Reproduce, word for word, the lines in the material below starting with the one that has "And subscribe. Yeah, we've" and going on through the one that has "Welcome. In this". Leave out all pictures.

- [DATA UNDER STUDY]
====

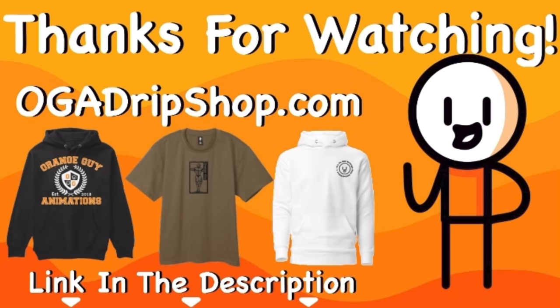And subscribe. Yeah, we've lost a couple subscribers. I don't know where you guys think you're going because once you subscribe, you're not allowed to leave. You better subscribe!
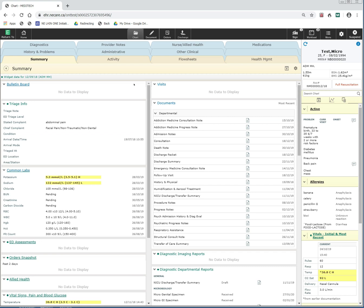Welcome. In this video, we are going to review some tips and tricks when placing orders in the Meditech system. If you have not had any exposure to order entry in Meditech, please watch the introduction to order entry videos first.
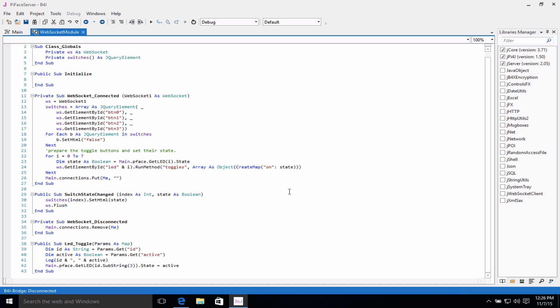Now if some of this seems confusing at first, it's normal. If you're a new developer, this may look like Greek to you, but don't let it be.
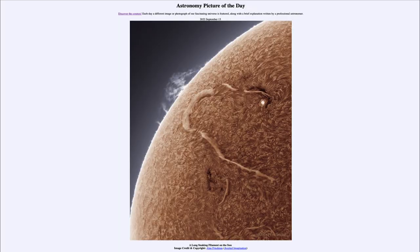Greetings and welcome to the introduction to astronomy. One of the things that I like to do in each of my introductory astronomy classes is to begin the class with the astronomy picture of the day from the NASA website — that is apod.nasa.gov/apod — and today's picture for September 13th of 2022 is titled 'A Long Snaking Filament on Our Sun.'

====

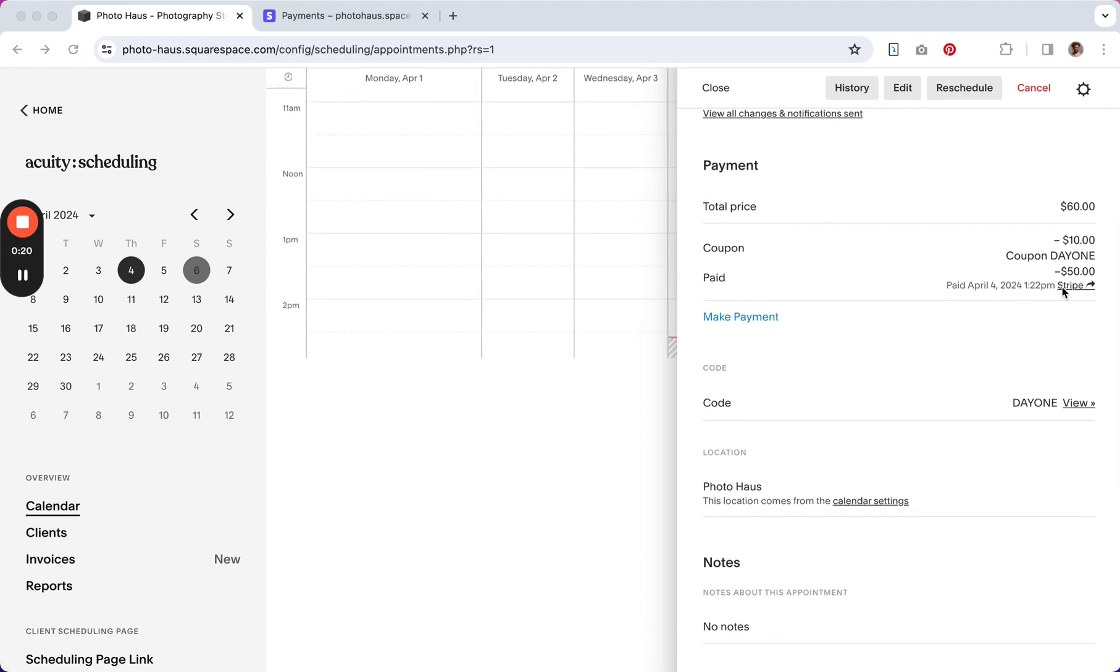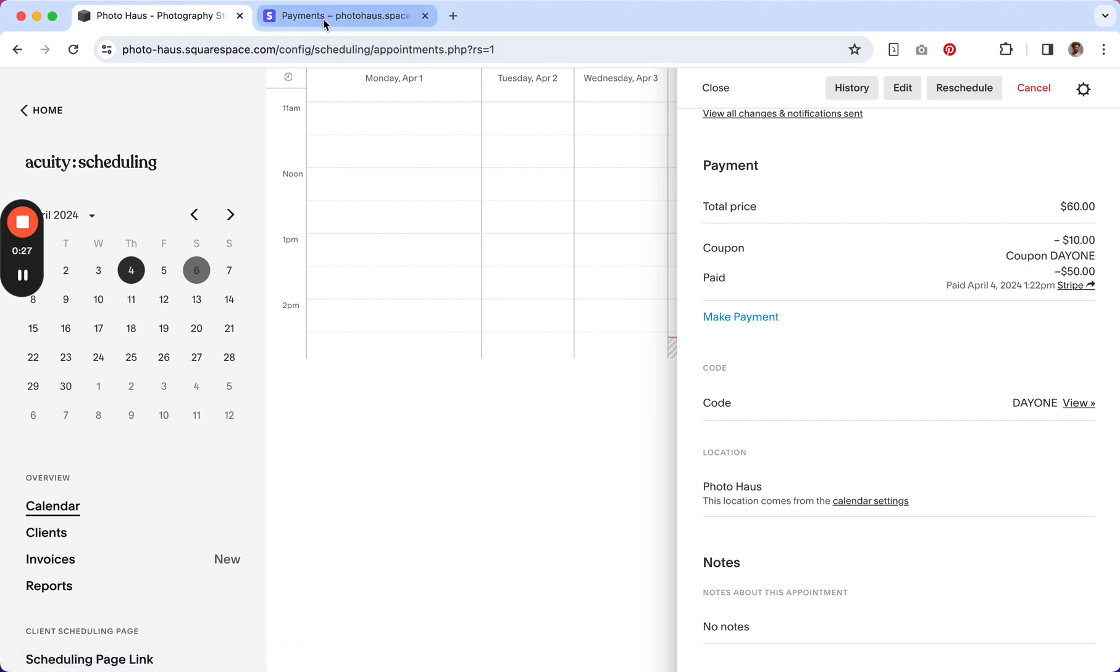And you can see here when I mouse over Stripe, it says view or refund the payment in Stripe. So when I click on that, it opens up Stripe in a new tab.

====

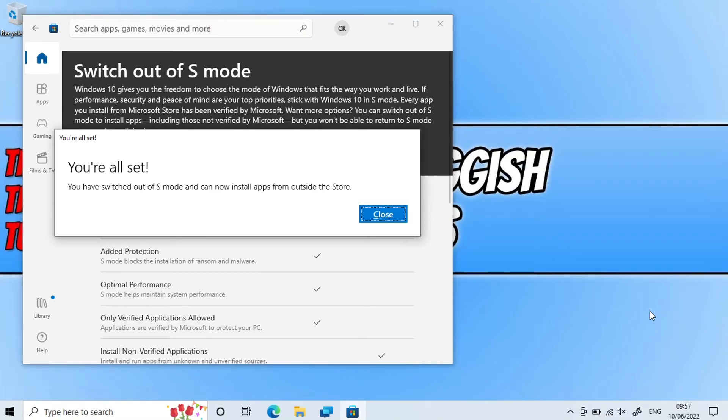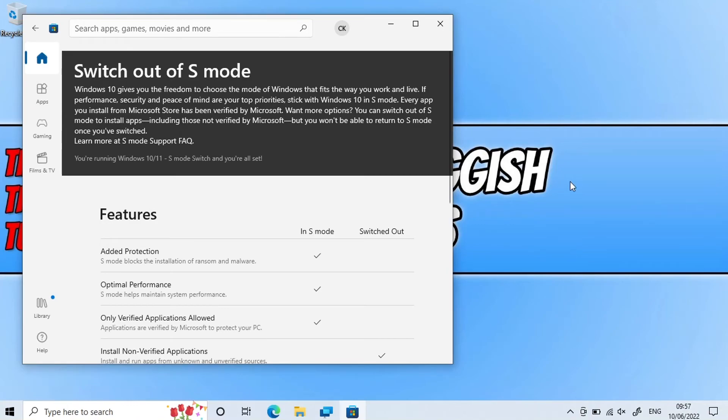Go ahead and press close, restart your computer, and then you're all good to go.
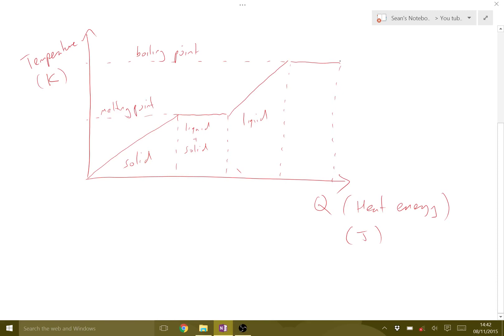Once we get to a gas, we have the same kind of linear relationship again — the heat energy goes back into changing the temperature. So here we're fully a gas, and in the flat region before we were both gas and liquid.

====

- [TASK ANSWER]
And subscribe. Yeah, we've lost a couple subscribers. I don't know where you guys think you're going because once you subscribe, you're not allowed to leave. You better subscribe!
Welcome. In this video, we are going to review some tips and tricks when placing orders in the Meditech system. If you have not had any exposure to order entry in Meditech, please watch the introduction to order entry videos first.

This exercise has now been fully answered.